После Тютчева предстояла задача найти новую систему символов для построения моста чрез иную бездну»[173].

«Связь между врубелевской ночью и ночью тютчевской, за которой «хаос шевелится», явна, и трудно размышлять об этой теме, не прислушиваясь к голосам врубелевско-тютчевских демонов, стенающих в домирном мраке»[174].

В этих двух рассуждениях Г. Чулкова проводится параллель даже не только между творчеством Тютчева и современной поэзией, но и между поэзией Тютчева и живописью Врубеля.
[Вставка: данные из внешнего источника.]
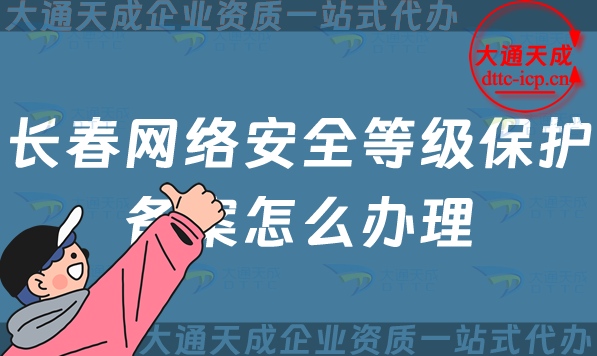 長春網絡安全等級保護備案怎么辦理,24年申請條件材料與流程攻略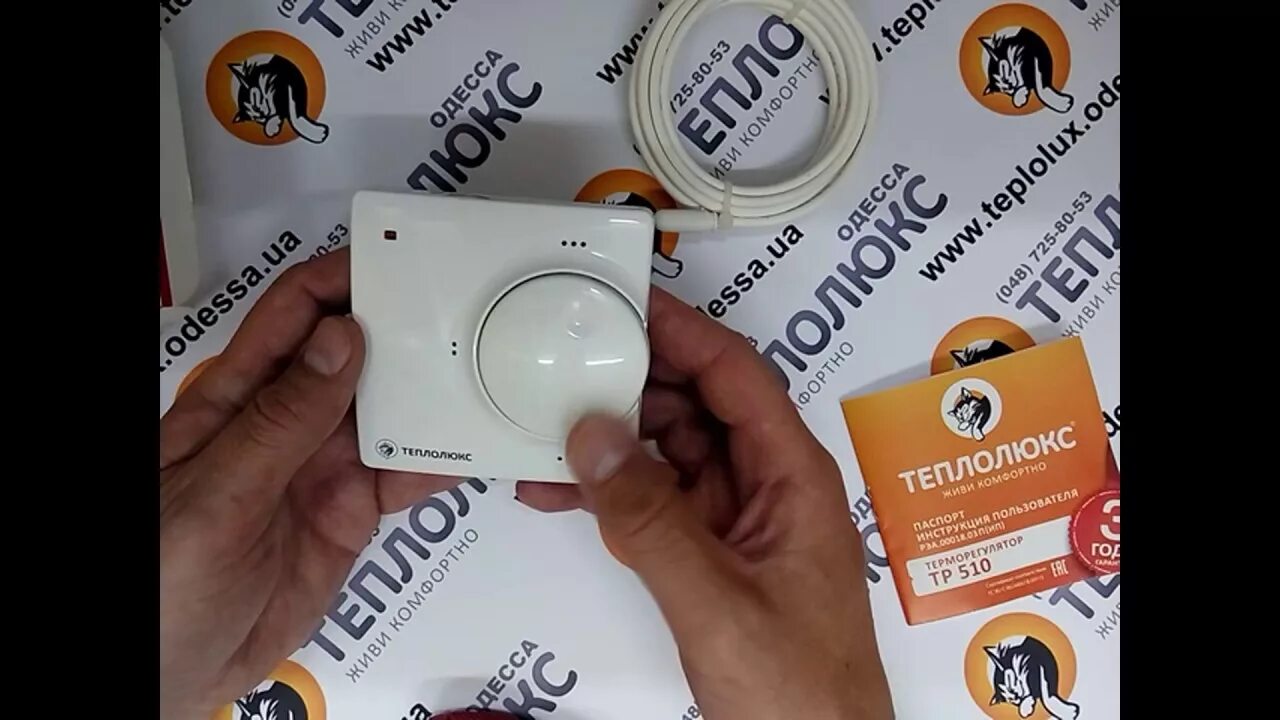 Теплолюкс 510. Терморегулятор теплолюкс 510. регулятор;тр-510;терморегулятор, ,. &quot;теплолюкс&quot; lumismart 25 терморегулятор для теплого пола. терморегулятор белый lumismart 25 100035924400 теплолюкс.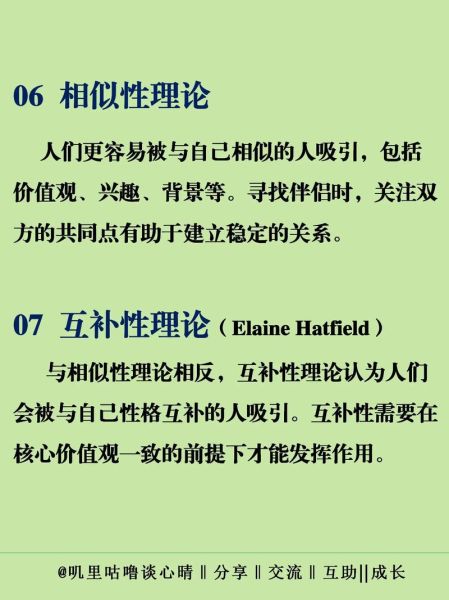 什么是爱情_爱情的心理学定义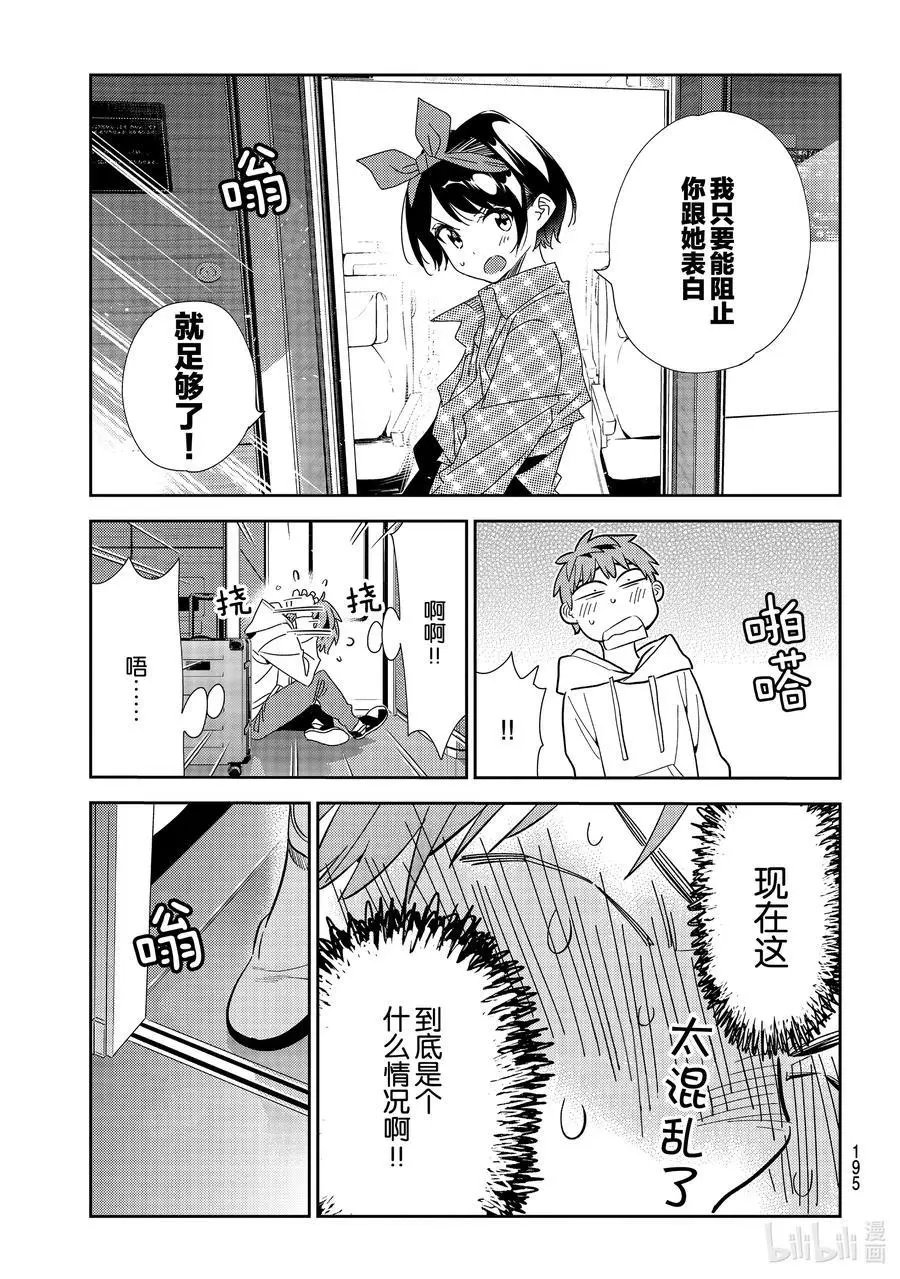 第189话 乐园与女朋友2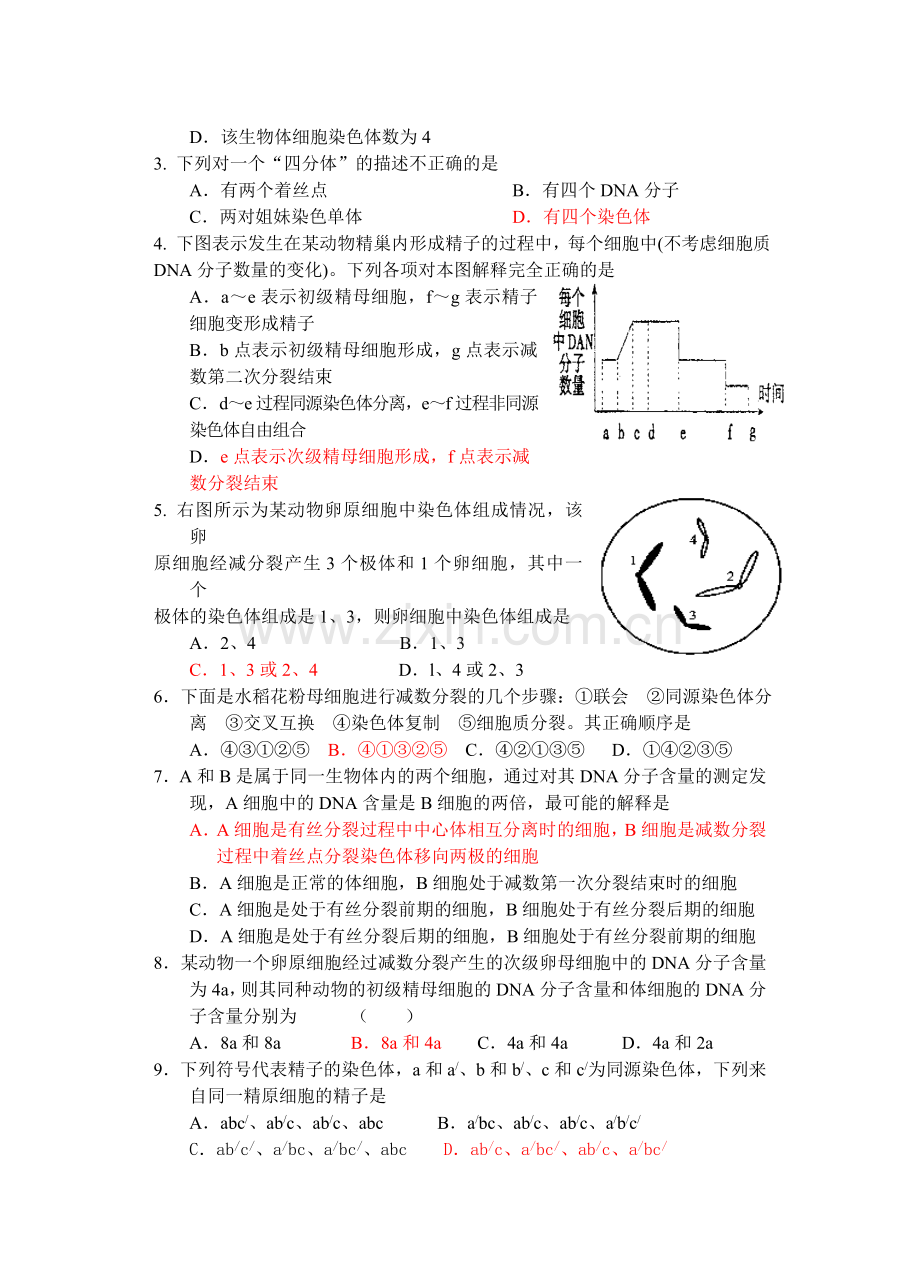 2006年高中生物奥赛训练题之三生殖与发育及答案.doc_第2页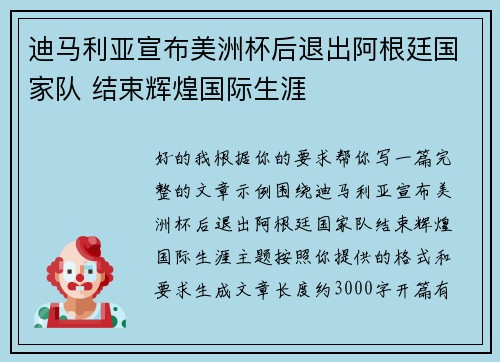 迪马利亚宣布美洲杯后退出阿根廷国家队 结束辉煌国际生涯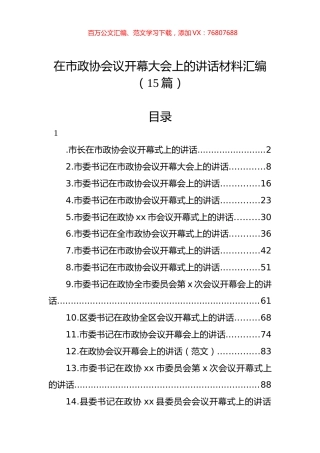 在市政协会议开幕大会上的讲话材料汇编（15篇） (1).docx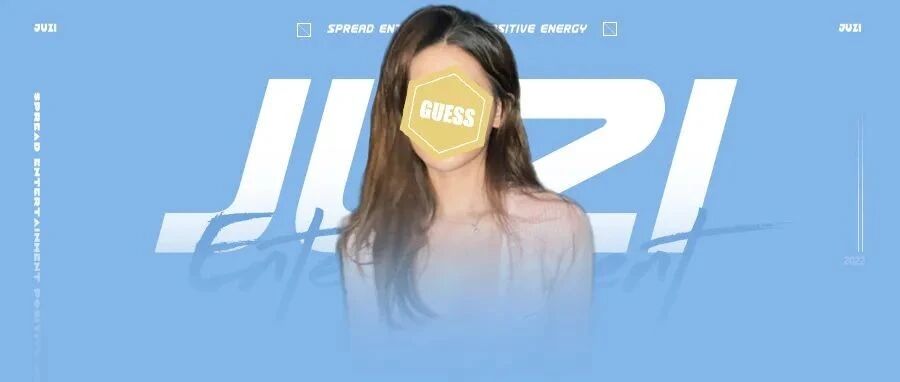 她年纪轻轻就赚那么多…肯定有鬼？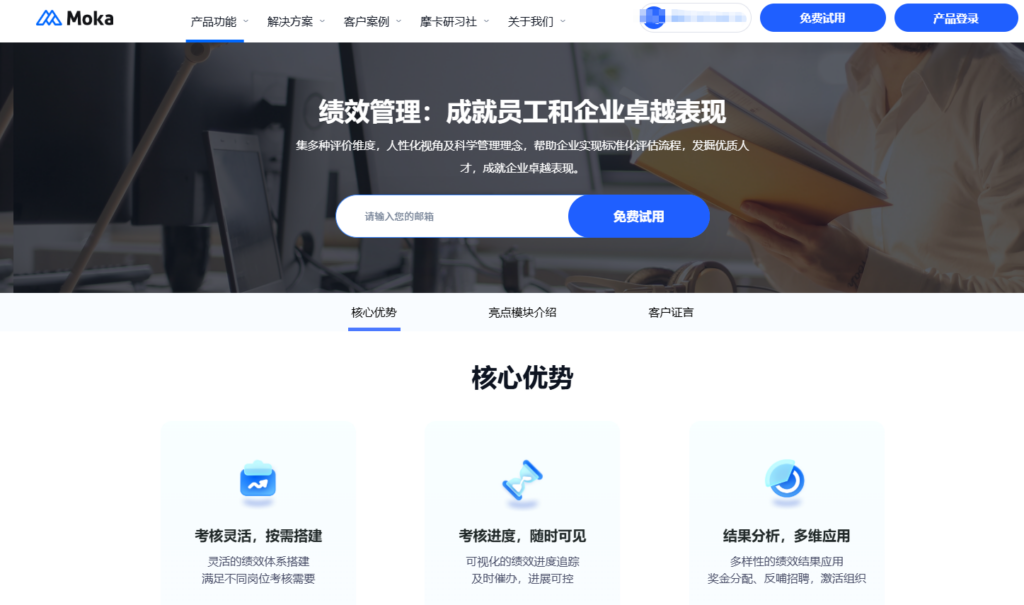 绩效管理平台怎么选?企业 HR 采购前要看这 8 点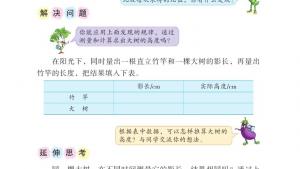 苏教版六年级数学下册电子课本大树有多高(第67页)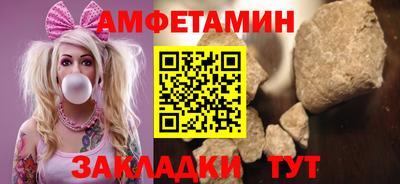 экстази Кингисепп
Для психологии эпохи культурного развития, столь увлеченной художественным синтезом, такое вполне характерно.

С новой остротой переживаются в серебряный век те космогонические впечатления, которые питали русскую философскую поэзию даже не со времен Тютчева, а скорее со времен ломоносовского «Вечернего размышления о Божием величестве» («Открылась бездна звезд полна...») и даже ранее – в эпоху барокко второй половины XVII века. Вяч. Иванов потрясенно записывает:

«Вид звездного неба пробуждает в нас чувствования, несравнимые ни с какими другими впечатлениями внешнего мира на душу.

<...> Нигде живее не чувствует человек всего вместе, как множественного единства и как разъединенного множества; никогда не сознает себя ярче и вместе глуше, сиротливее перед лицом того заповедного ему и чужого, что не он, и вместе родственнее и слитнее с этим, от него отчужденным. Никогда макрокосм и микрокосм не утверждаются в более наглядном противоположении и в то же время в более ощутительном согласии и как бы созвучии. Эта победа начала связующего над началом раскола и обособления... Внушение звездного неба есть внушение прирожденной и изначальной связанности нашей со всем, как безусловного закона нашего бытия...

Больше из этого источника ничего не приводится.